This polarization is a side effect of scattering of light off of the material of the Big Bang, and it does not cancel itself out because the Big Bang had a tiny bit of lumpiness. This lumpiness has been measured in other observations; these polarization measurements will provide additional details on this lumpiness.

This lumpiness is important because the more dense parts eventually collapse on themselves to form galaxies; one can attempt to predict what initial lumpiness is necessary to produce the distribution of galaxies that one sees.

The CMB is the result of "recombination", which happen 400,000 years after the Big Bang's start, when the Universe cooled enough so that hydrogen and helium nuclei could successfully capture electrons. This greatly reduced the opacity of the Big Bang material, allowing the Big Bang's light to travel freely -- and become redshifted into the microwave part of the spectrum.

The pattern of lumpiness at that time was a side effect of conditions very early in the Big Bang -- whatever had made the Universe essentially flat at large scales had not made it completely flat.
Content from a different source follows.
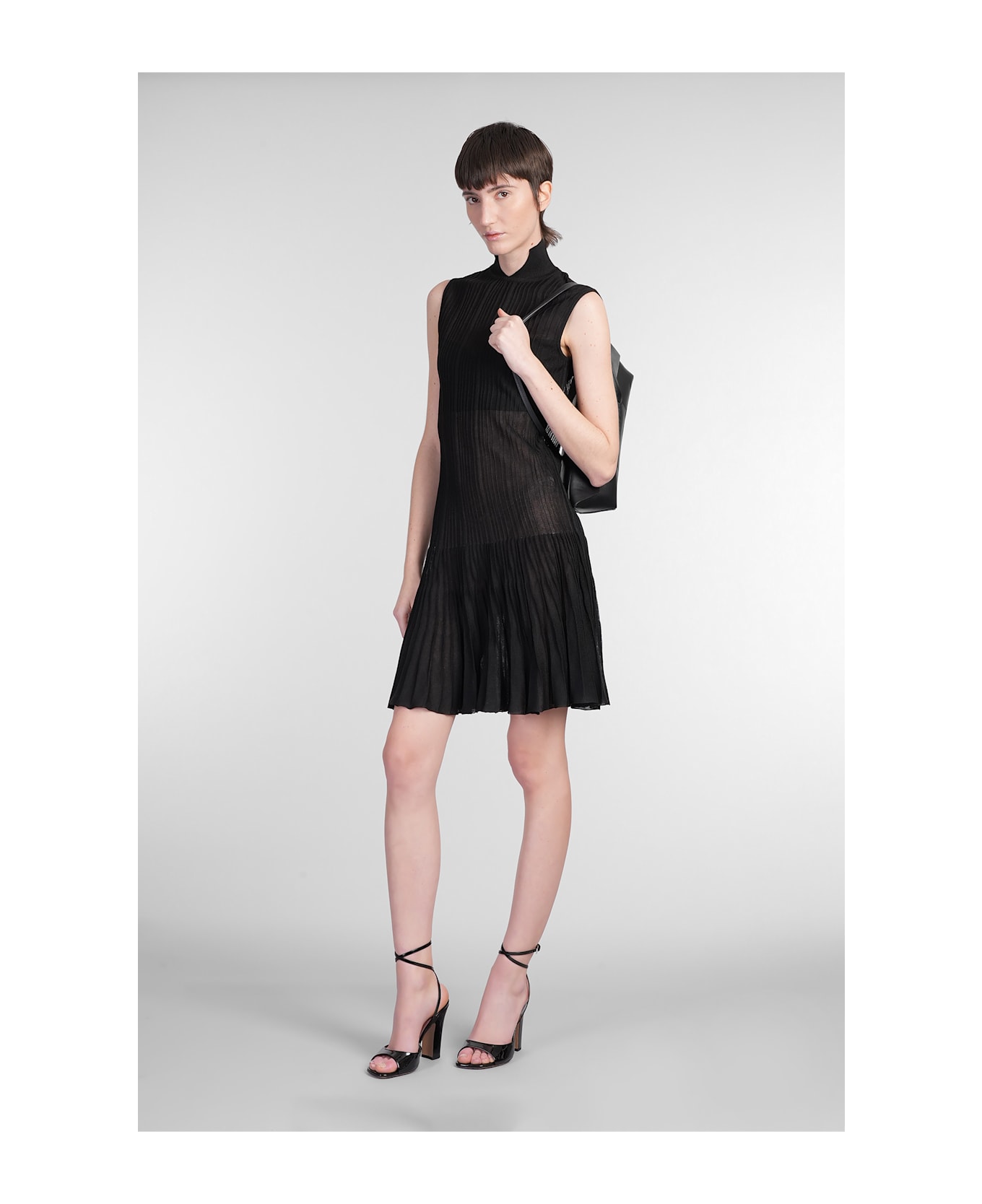 ANDREĀDAMO Mini Dress In Black Viscose - black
The most plausible hypothesis that anyone has come up with is that the Universe had gone through a period of exponential expansion ("inflation"), about 10^-36 seconds after the start of the Big Bang. This flattened out the Universe -- and quantum fluctuations in it produced a tiny bit of lumpiness. Which has persisted after that inflation had ended.

So that measurement could provide some clue as to what had happened very early in the Universe's history.